◆ Exercise description:
Consider the data that follows and state how many lines contain the string "Photo", using the number alone.

◆ Raw data:
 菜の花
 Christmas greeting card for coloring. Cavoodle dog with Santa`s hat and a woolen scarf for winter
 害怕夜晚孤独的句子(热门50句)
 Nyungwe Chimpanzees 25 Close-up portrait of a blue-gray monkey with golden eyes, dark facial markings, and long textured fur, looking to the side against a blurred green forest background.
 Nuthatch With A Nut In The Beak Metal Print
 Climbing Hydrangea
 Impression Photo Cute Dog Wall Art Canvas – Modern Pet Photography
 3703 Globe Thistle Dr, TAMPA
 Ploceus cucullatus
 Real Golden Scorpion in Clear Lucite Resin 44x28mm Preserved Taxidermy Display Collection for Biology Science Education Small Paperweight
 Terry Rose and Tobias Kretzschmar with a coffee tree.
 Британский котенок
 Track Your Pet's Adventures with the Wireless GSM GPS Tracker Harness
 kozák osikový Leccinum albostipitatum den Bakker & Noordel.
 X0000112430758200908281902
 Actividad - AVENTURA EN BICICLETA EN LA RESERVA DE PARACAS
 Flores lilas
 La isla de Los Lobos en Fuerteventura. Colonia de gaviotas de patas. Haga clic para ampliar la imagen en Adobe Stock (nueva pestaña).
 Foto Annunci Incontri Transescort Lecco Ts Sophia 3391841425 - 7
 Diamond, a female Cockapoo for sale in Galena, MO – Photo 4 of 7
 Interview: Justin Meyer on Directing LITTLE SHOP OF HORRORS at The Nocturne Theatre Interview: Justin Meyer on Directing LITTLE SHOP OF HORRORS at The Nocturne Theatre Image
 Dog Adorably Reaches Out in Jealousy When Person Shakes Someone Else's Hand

◆ Solution to this task:
2